The optimum value of the objective function ${\alpha }_{i}\left(i=1,2,\cdots ,s\right)$ may be positive or negative.

These values are used to form a single objective function by adding (maximum values) and subtracting (minimum values) of each result then dividing each ${z}_{i}$ by ${\alpha }_{i}$. The function is formulated as:

$\text{Max}\text{\hspace{0.17em}}Z=\underset{i=1}{\overset{r}{\sum }}\frac{{z}_{i}}{{\alpha }_{i}}-\underset{i=r+1}{\overset{s}{\sum }}\frac{{z}_{i}}{{\alpha }_{i}}$

Subject to the same constraints as Equation (3.1).

To make the objective function dimension free, the integrated objective function was summarized by weighting each objective function by inverse of its optima. Hence the integrated objective function is formulated without facing any complex with objective functions of different dimensions.

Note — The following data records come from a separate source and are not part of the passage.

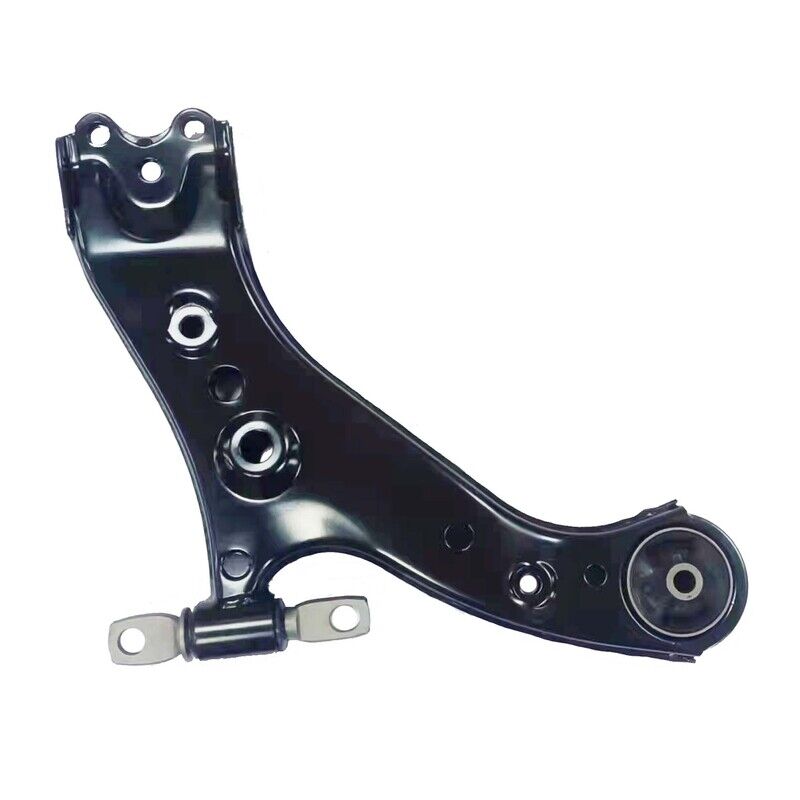 Front Lower Control Arm Left Hand Side Fit For Toyota RAV4 AXA/MXA 50 Series 01/2019 - ON - Machter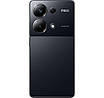 Xiaomi Poco M6 Pro 12/512GB Black, фото 4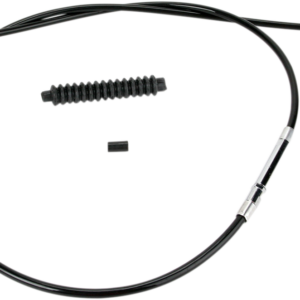 Clutch Cable - +6"
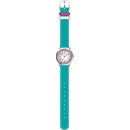 Clockodile CWG5122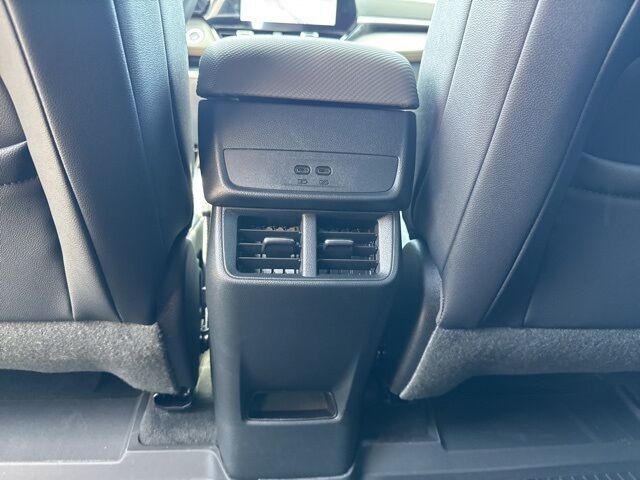 2026 Chevrolet Equinox LT  TX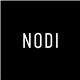 NODI Concepts Limited's logo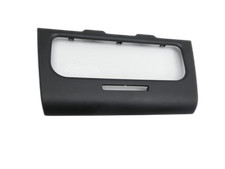 Enjoliveur cadre de montage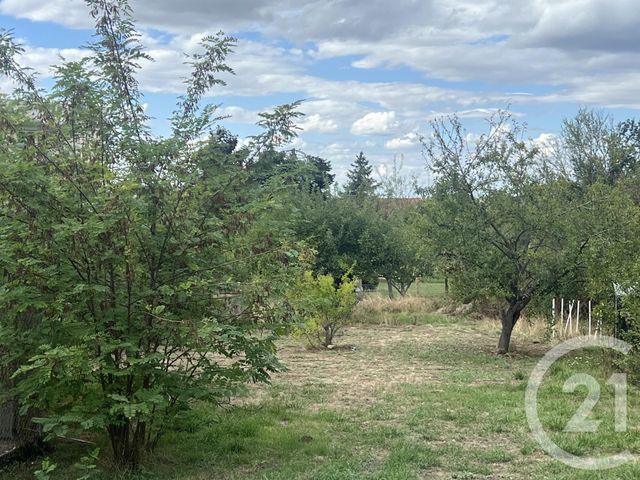 Maison à vendre - 3 pièces - 89 m2 - Desertines - 03 - AUVERGNE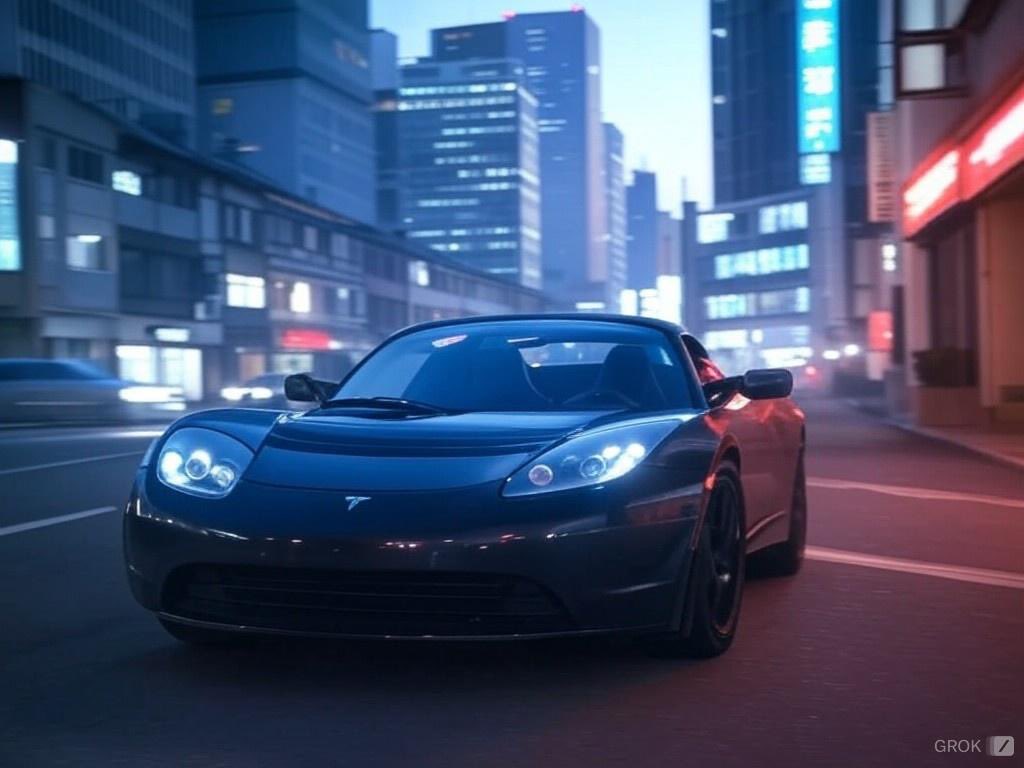 _cloudwaver_'s tweet image. Big Gn legends 🌠

We meet again tomorrow.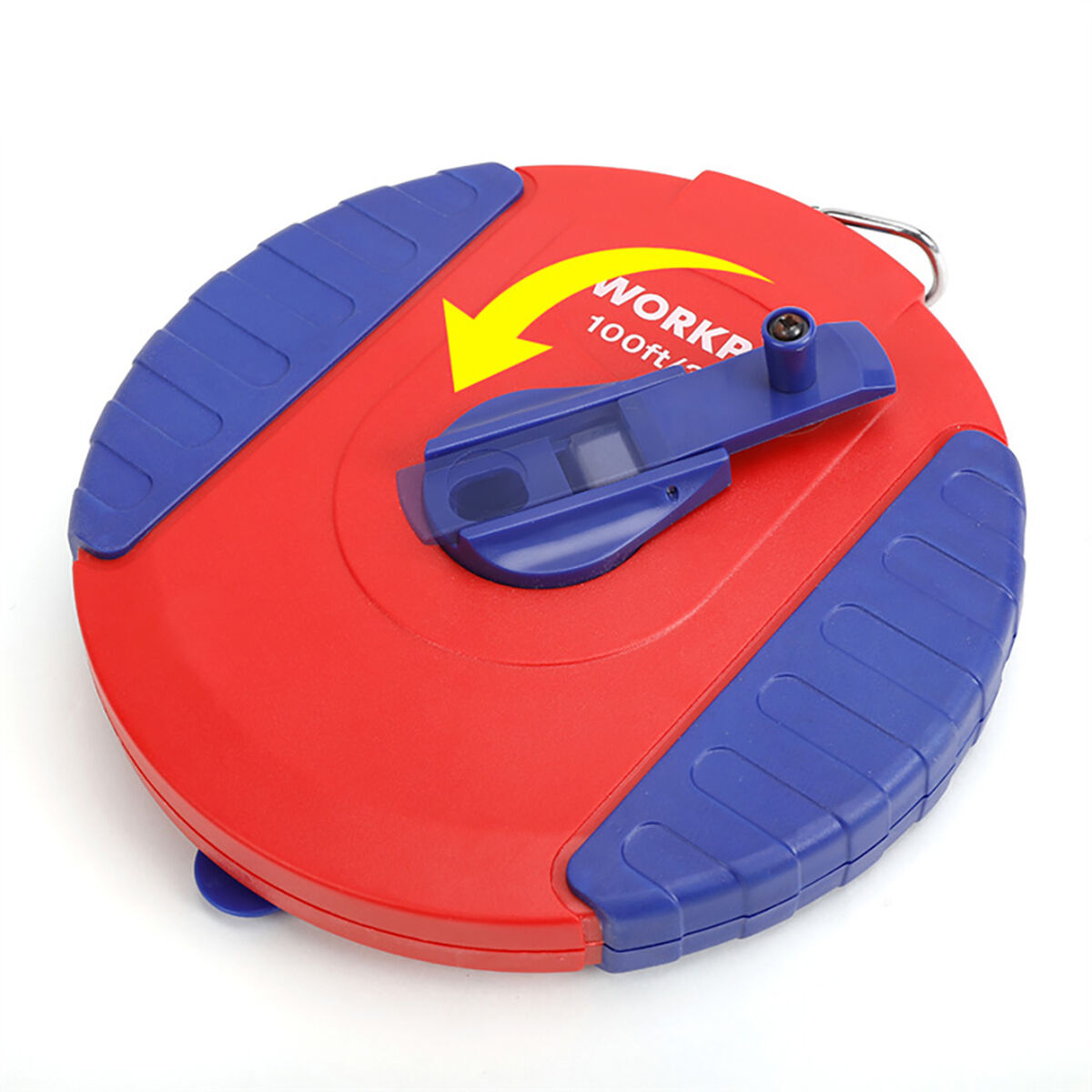 V5H558CEA5BF5D34BB751EEDE7661DED0A8R5140841P5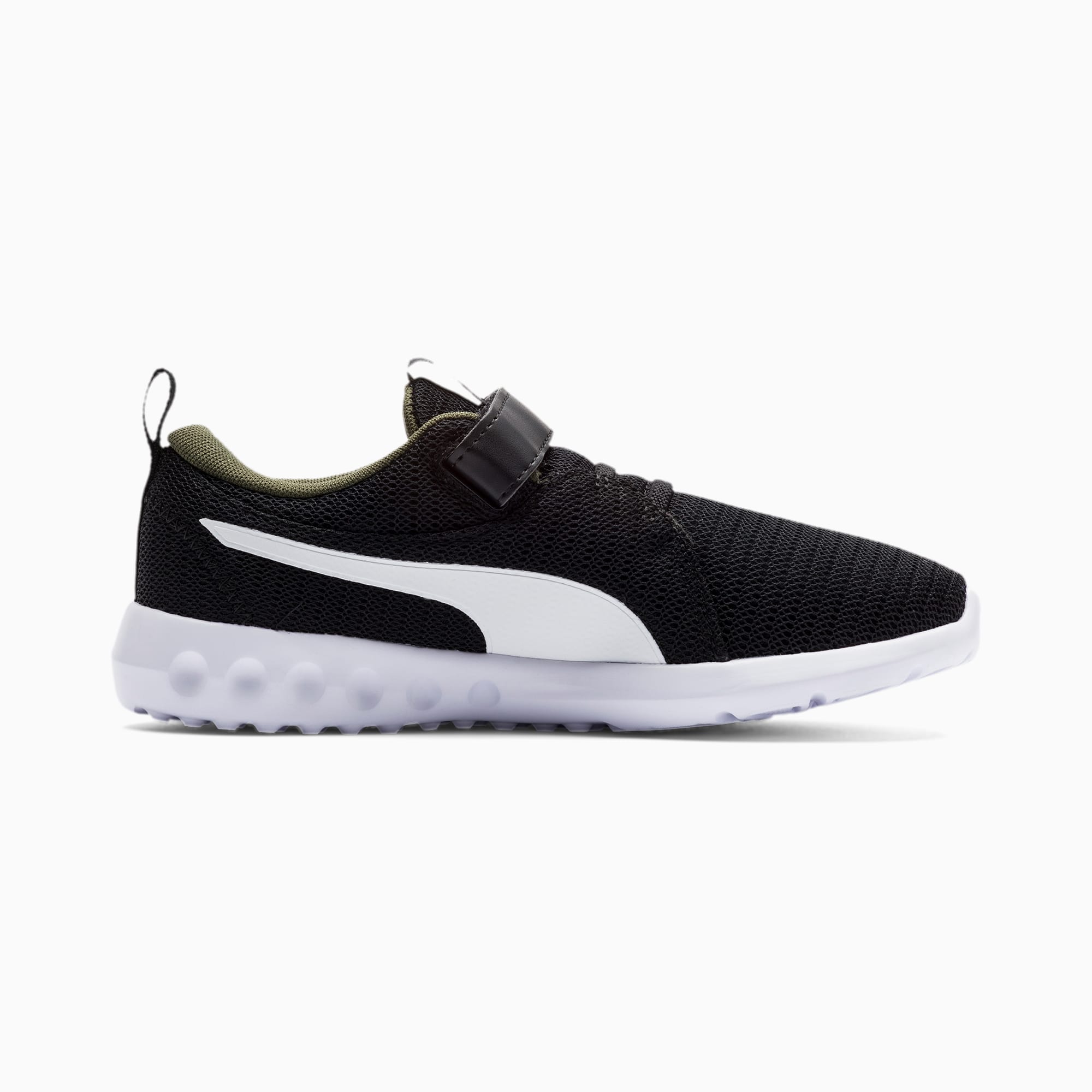 Carson 2 V PS Kids Trainers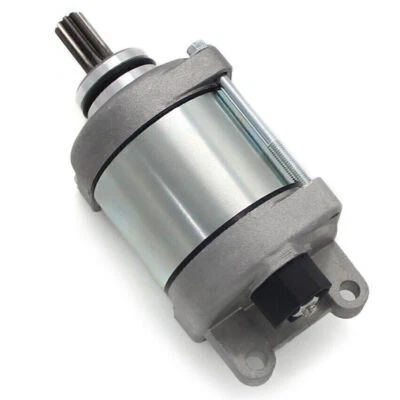 MARKENLOS DÉMARREUR pour KTM EXC-F 350 250 SXF SX-F XC-F XCF-W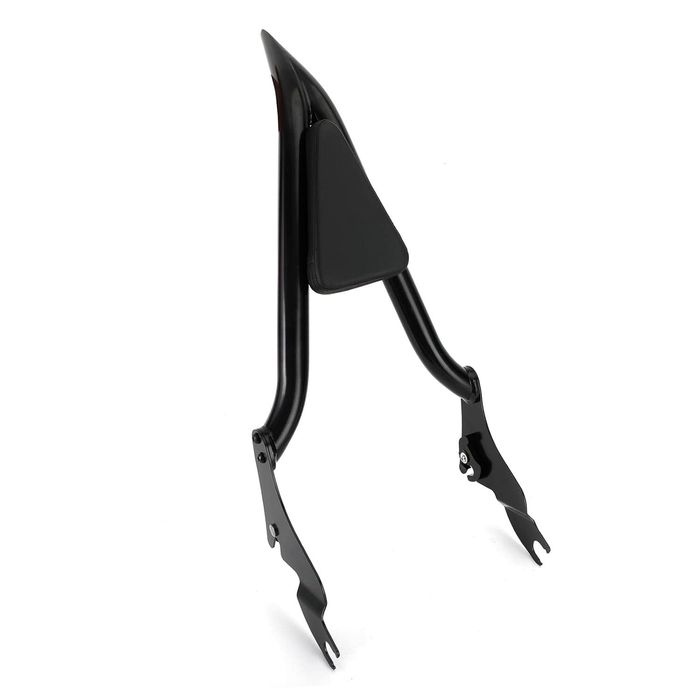 НОВА облегалка / Sissy Bar за Harley Davidson Touring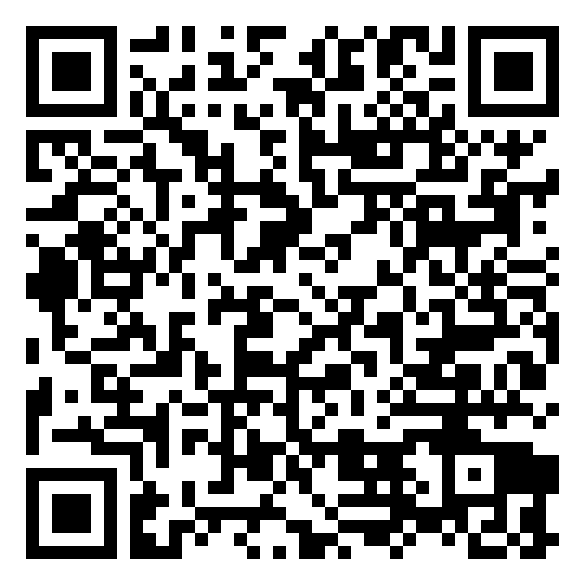 kod QR z danymi kontaktowymi 52512608000000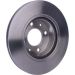 Bremsscheibe 8DD 355 116-201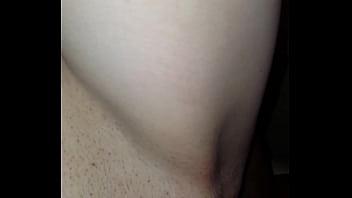 20161201 234718 thumbnail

Then the single objective optimization problem is solved by simplex method. This method is known as Chandra Sen’s approach.

3.2. Harmonic Average Technique

Harmonic Mean: Harmonic mean of a set of observations is defined as the reciprocal of the arithmetic average of the reciprocal of the given values. If ${x}_{1},{x}_{2},\cdots ,{x}_{n}$ are n observations then

Harmonic Mean (HM) = $\frac{n}{{\sum }_{i=1}^{n}\left(\frac{1}{{x}_{i}}\right)}$

It provides a more reliable result when the results to be achieved are the same for the various mean adopted.

The steps to calculate the harmonic mean are as follows:

Step 1: Finding the reciprocal of the given values.

Step 2: Calculating the average for the reciprocals obtained in step 1.

Step 3: Finally calculate the reciprocal of the average obtained from step 2.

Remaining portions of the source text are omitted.